À L’Étang-La-Ville, un avis favorable a été à l'inverse donné pour un projet d'installation de micro-crèche, explique le maire. Ce dernier vante également le "dialogue beaucoup plus fructueux et fréquent" avec les acteurs de la petite enfance de sa commune, qui serait le fruit du SPPE. 

Transfert à l'intercommunalité : suite logique ou objet d'âpres négociations 

Pour Christine Fornès, maire d'Ambérieux-en-Dombes et vice-présidente de la communauté de communes Dombes Saône Vallée, le SPPE, transféré à l'intercommunalité qui gérait déjà les crèches et le relais petite enfance (RPE), permet d'"améliorer la discussion" entre les maires, en lien notamment avec la convention territoriale globale (CTG) signée avec la CAF. L'élue estime que le niveau intercommunal est le bon échelon, qu'une commune de 2.000 habitants comme la sienne "manque d'ingénierie". 
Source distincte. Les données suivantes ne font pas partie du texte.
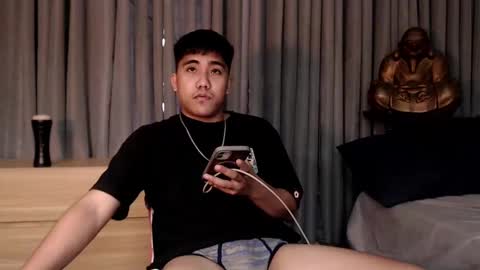 tyler online show from January 22, 8:51 am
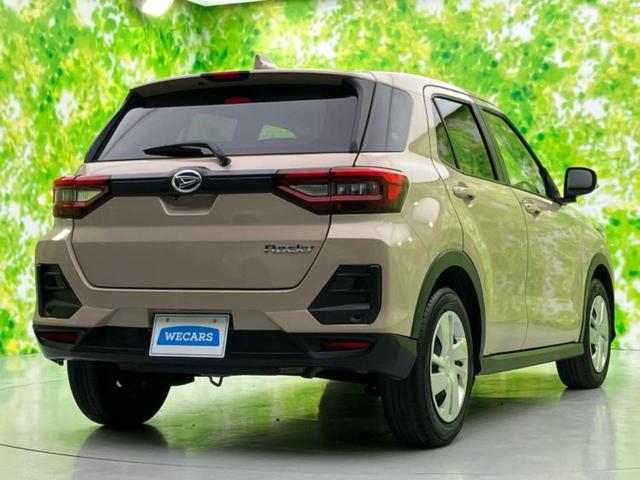 全国に店舗を展開しているのでどこでもお取り寄せが可能です！この車が気になるけど遠方だから・・・と諦める必要はありません！※別途陸送費が必要です。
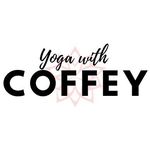 Kristen Coffey - @yogawithcoffey Instagram Profile Photo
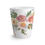 Thumbnail: Charming Floral Coffee Mug – 12 oz Gift for Mom or Friend   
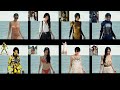 wan2.2 animate（comfy ui 実装版テスト）
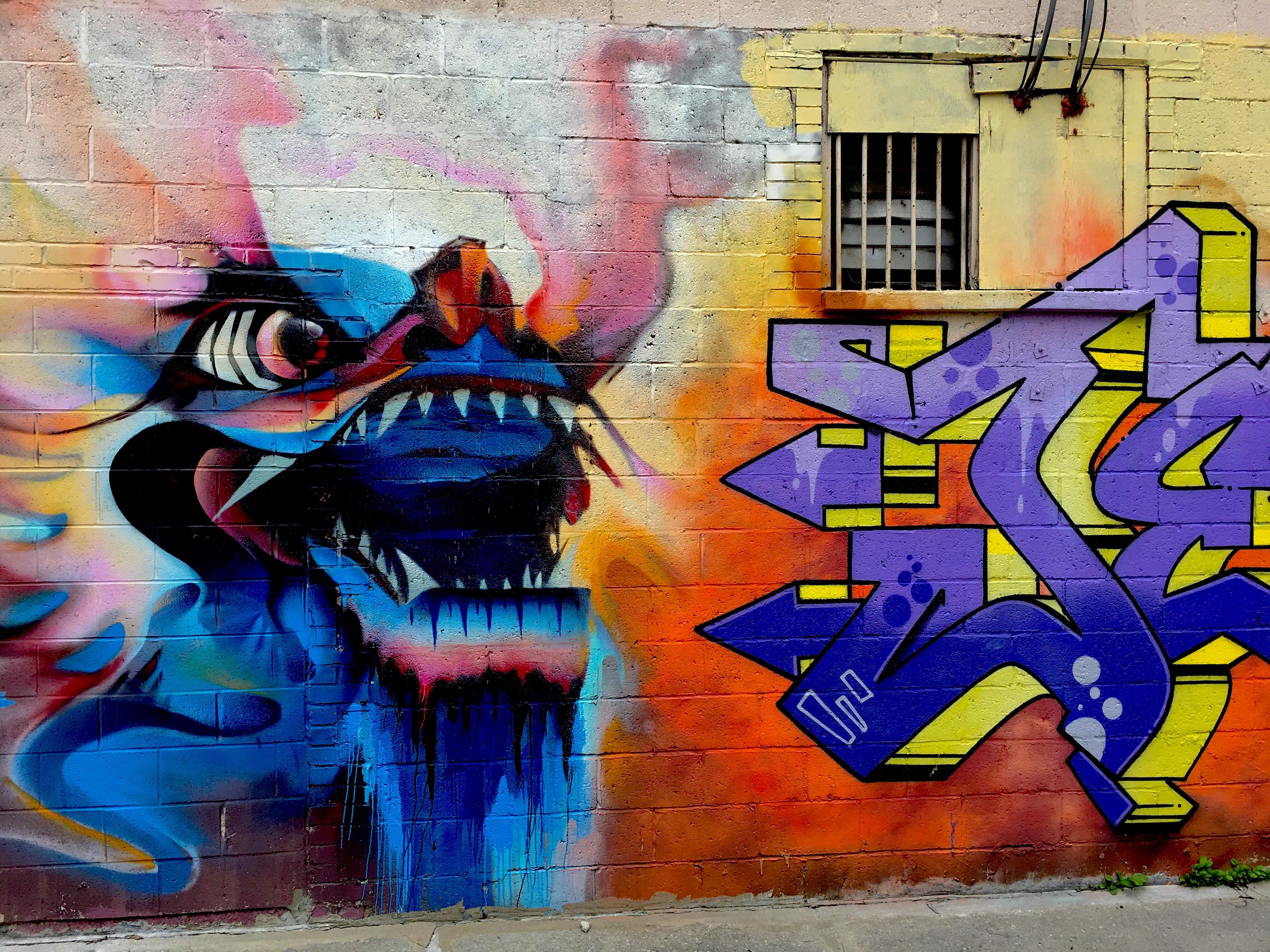 299 best Canadian Graffiti images on Pholder Canadian Graffiti, Pics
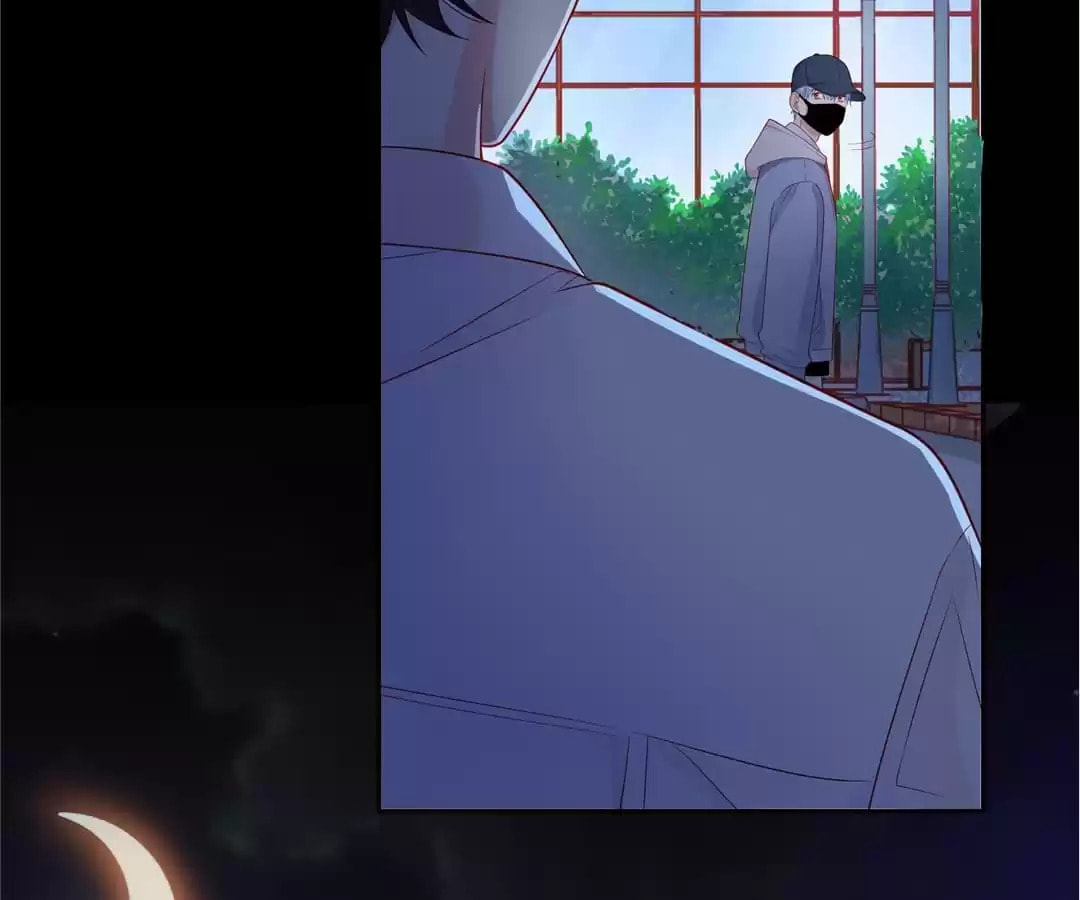Read Touching Melody (Colored) chapter 16 image 91 on Lezhin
Dans un contexte plus urbain, Djida Djallali-Techtach, maire de Villiers-le-Bel, partage la même conviction mais a dû prendre son "bâton de pèlerin" pour aller convaincre ses collègues maires de la nécessité d'un transfert du SPPE à l'intercommunalité. Elle s'efforce notamment de les rassurer : non, ils ne perdront pas la main sur l'attribution des places en crèche. Tout en leur glissant que l'anonymisation des familles dans le cadre de l'attribution "rassure" les familles et "protège" les élus. 

Dédier des moyens CAF à la consolidation de l'existant 

Abordé plus succinctement lors du forum, l'enjeu des ressources humaines est pourtant au cœur des préoccupations des élus locaux et central pour garantir la qualité de l'accueil des jeunes enfants. La plupart des élus qui s'expriment témoignent de difficultés importantes de recrutement, de turnover dans les structures. Les départs à la retraite des assistantes maternelles réduisent par ailleurs l'offre d'accueil. "On en avait 50 il y a 10 ans, il en reste 10", indique la maire de Villiers-le-Bel. 

S'il manque au secteur de l'ordre de 6.000 postes ETP, l'AMF plaide pour que des moyens soient dégagés afin de consolider l'existant. Alors que des crédits CAF sont dédiés à la création de places, "l'un des combats que nous avons, c'est qu'une partie de cet argent qui n'est pas dépensé puisse être utilisé pour l'existant", souligne Daniel Cornalba. "Ce n'est pas anecdotique pour les maires, parce que le coût unitaire d'un berceau a augmenté ces dernières années, donc le choix de construire ou de ne pas construire à l'avenir dépend de la réalité de ce coût", ajoute-t-il. Pour mieux rémunérer leurs employés de crèche, les communes peuvent aussi se saisir du bonus attractivité. "On peut rajouter 100 euros nets à nos employés, c'est un bel encouragement", indique Jean-François Guillaume, maire de Ville-en-Vermois, commune de 600 habitants où une crèche de 27 berceaux a été créée dans le but de maintenir l'école sur le territoire. 

Les maires réitèrent en outre leur demande d'un "plan métier", alors que ce dernier avait été élaboré par tous les acteurs sous la houlette du comité de filière petite enfance. Désormais, on en attend beaucoup plus des professionnels, selon l'adjointe au maire de Roanne qui cite le soutien à la parentalité et l'approche globale du développement du jeune enfant (voir notre article sur le référentiel national qualité). Pour Clotilde Robin, "ce virage n'a pas été appréhendé et les formations d'hier ne sont pas adaptées à la profession d'aujourd'hui".